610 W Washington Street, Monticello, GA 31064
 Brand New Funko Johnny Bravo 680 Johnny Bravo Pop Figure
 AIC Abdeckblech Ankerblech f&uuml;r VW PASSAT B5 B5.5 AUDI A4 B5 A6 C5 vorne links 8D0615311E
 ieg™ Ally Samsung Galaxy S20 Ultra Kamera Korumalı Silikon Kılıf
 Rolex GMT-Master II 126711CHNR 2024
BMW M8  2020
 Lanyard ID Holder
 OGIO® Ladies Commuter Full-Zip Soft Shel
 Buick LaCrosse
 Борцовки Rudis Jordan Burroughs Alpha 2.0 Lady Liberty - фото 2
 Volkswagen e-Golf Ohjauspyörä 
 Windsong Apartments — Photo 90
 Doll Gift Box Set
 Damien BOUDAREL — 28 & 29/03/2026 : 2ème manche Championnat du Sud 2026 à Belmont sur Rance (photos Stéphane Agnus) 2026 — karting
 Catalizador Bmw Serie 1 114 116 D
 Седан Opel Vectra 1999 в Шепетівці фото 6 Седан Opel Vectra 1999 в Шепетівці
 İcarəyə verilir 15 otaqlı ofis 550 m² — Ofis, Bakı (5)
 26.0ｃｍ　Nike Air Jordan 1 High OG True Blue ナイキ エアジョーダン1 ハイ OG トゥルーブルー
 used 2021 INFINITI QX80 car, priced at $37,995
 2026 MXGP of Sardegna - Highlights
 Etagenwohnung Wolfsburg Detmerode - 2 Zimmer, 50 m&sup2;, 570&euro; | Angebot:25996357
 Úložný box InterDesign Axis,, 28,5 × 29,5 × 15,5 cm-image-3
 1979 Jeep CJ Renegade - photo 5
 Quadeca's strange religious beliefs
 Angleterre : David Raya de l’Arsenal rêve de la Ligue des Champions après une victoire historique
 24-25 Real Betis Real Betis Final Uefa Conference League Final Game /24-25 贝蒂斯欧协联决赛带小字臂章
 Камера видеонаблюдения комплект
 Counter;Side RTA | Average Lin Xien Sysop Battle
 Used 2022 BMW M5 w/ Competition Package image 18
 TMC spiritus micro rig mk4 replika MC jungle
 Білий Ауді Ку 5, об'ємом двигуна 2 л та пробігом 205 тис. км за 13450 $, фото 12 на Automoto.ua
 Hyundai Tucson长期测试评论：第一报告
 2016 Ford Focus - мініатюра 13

#####

• Description of the task: When you reach the line holding "Etagenwohnung Wolfsburg Detmerode" in the records above, begin reproducing exactly, stop after the line holding "Quadeca's strange religious beliefs", and output nothing else.

• Answer for the task:
 Etagenwohnung Wolfsburg Detmerode - 2 Zimmer, 50 m&sup2;, 570&euro; | Angebot:25996357
 Úložný box InterDesign Axis,, 28,5 × 29,5 × 15,5 cm-image-3
 1979 Jeep CJ Renegade - photo 5
 Quadeca's strange religious beliefs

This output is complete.